Assignment >> Lines from the entries below that hold "water" form the answer; copy all of them.

Input >>
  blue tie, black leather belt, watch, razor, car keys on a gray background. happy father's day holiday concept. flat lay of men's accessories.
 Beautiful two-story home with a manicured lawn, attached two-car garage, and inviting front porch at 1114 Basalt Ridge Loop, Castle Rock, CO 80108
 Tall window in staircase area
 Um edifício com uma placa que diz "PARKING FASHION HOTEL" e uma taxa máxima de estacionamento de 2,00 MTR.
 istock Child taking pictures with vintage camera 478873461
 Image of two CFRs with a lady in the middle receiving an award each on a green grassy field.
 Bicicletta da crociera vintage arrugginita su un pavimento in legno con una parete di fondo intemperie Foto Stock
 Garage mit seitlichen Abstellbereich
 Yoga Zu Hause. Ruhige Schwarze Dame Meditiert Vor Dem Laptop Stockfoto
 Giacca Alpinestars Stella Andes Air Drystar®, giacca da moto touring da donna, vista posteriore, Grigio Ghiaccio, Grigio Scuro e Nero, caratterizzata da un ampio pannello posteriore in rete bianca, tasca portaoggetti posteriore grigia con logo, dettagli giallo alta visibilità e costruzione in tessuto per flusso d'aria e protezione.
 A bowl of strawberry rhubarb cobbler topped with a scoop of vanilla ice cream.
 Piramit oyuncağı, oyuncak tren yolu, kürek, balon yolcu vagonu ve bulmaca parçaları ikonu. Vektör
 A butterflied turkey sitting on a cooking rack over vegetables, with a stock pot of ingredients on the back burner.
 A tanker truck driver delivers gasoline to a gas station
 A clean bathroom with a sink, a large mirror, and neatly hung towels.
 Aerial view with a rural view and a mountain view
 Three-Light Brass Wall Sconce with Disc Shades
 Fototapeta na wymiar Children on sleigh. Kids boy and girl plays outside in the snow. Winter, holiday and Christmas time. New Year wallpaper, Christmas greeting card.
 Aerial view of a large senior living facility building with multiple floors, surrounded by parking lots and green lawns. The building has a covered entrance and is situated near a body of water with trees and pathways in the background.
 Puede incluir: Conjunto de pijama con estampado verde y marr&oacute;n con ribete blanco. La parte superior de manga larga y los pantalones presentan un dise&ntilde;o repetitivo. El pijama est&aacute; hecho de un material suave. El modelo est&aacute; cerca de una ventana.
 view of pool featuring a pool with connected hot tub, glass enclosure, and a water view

Reply >>
 Aerial view of a large senior living facility building with multiple floors, surrounded by parking lots and green lawns. The building has a covered entrance and is situated near a body of water with trees and pathways in the background.
 view of pool featuring a pool with connected hot tub, glass enclosure, and a water view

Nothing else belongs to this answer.